But if this gentling, this love, is what comes of knowing God and being moved by His love, then I am this woman. I am a redeemed one - Eve undone, Eve now-held.

It is quiet wonder.

Who am I that He should choose me to bear this fruit?

Who are any of us?





(Image © Informal Moments Photography)

13 comments:

Glynn said...

For my wife and I, part of that vulnerability was letting our oldest go, letting him test his wings and fly; and now we're doing the same with his younger brother. And they'll crash, too, but you have to love them enough to let that happen. The vulnerability remains forever, I think.
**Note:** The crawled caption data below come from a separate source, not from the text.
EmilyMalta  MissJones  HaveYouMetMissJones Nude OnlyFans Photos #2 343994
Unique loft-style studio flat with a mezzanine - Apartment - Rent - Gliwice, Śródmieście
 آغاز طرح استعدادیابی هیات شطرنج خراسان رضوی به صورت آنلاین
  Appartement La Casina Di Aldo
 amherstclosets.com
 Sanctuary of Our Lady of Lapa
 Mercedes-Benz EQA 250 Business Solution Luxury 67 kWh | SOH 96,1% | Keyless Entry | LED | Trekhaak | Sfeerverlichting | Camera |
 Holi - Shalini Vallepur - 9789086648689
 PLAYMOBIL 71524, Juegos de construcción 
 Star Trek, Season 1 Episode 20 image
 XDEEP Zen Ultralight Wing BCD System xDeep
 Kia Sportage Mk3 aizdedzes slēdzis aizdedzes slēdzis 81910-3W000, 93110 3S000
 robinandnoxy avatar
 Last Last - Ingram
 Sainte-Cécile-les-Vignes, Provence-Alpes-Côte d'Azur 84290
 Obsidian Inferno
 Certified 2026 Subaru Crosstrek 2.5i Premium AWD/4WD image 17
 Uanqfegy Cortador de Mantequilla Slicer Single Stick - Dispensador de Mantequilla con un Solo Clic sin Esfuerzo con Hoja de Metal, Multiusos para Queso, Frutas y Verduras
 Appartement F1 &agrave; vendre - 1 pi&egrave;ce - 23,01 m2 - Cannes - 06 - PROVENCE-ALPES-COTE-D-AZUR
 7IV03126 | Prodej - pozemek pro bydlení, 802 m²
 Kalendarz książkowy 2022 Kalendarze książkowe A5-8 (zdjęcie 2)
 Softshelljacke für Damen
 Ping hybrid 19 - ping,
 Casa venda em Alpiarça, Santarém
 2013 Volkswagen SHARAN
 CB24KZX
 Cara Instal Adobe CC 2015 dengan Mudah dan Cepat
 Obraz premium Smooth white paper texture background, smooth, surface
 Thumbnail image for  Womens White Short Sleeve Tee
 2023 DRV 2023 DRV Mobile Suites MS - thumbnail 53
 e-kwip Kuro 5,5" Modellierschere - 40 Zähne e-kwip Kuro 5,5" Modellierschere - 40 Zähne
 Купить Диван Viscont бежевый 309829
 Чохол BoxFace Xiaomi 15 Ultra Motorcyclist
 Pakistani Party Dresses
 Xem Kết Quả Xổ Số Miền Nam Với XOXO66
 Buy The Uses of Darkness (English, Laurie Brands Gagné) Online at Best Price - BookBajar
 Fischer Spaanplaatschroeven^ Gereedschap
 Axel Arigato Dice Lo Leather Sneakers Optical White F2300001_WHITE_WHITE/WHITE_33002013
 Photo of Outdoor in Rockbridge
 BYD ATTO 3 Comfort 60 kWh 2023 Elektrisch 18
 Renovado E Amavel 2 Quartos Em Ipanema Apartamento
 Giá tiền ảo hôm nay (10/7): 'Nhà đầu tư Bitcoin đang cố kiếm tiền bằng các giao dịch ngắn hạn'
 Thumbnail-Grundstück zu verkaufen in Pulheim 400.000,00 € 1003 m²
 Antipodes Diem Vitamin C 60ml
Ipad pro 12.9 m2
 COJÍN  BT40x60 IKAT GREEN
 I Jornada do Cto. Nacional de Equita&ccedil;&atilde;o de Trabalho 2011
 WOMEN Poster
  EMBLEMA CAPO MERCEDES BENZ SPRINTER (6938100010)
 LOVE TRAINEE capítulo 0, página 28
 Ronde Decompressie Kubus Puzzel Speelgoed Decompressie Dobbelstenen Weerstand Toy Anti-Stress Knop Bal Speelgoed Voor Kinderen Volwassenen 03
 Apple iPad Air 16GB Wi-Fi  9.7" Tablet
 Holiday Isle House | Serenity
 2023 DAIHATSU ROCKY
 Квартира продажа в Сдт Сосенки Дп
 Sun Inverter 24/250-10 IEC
Good post.

Cassandra Frear said...

Love anyone and it will break your heart.

The heart that is broken is ready to hold the glory of God.

And the glory of God is man fully alive.

And to be alive is to love as He loves and to be broken in it.

Maureen said...

"Love is/ the perfect stillness / and the greatest excitement, and most profound act, /and the word almost as complete / as His name."
~ "The Perfect Stillness" from Love Poems from God

Laura said...

Funny how this makes me think of Argus. :) The little doggie we nursed back to health, fell in love with, and then sent to a loving home. My youngest cried for three days.

"How can we ever foster again?" he asked.

"We can't not help because we are afraid it will hurt. We can't not love. It makes life richer, love does--no matter how it ends."

That's what I told him.

I think God sees every mark of love our hearts carry. We already know He collects our tears.

sarah said...

I'm almost afraid to leave a comment because everyone else said such poignant, profound things - to match your post - and all I can think of is that yours is the second post I've read this morning which mentions L'Engle. Duh.

You write with a beauty like rain falling on dry earth.

Anne Lang Bundy said...

Kelly, people are surely skeptical about my effusive expressions of love. I was raised in a family that easily says "I love you" and easily shows it.

Genuine love indeed means vulnerability, which in turn means pain—pain which may run deep and wide and long. Scarring pain.

But all the love shared in the meantime is worth it.

kirsten michelle said...

This too was my struggle when my heart first began to open to my James. The longer we are married, the more I see the still-closed places, the places guarding against being hurt (but also barring love from being received there). Right now, I can only imagine how having a child magnifies the sense of wanting to protect, wanting to guard from pain, wanting to be impervious.

I admit that I want this more sometimes. But even with the pain it inevitably invites, I am learning to give and receive love even more: inch by excruciating inch.

Thank you for these beautiful thoughts. I add my amen.

Jessica said...

I am one of those whose personality tends to open up fairly easily. Yet, I have also experienced the searing pain this vulnerability can bring. I think what I have learned (and must frequently learn over again) is how easily I can turn people into my god, my source of happiness and satisfaction. It inevitably leads to pain and disappointment.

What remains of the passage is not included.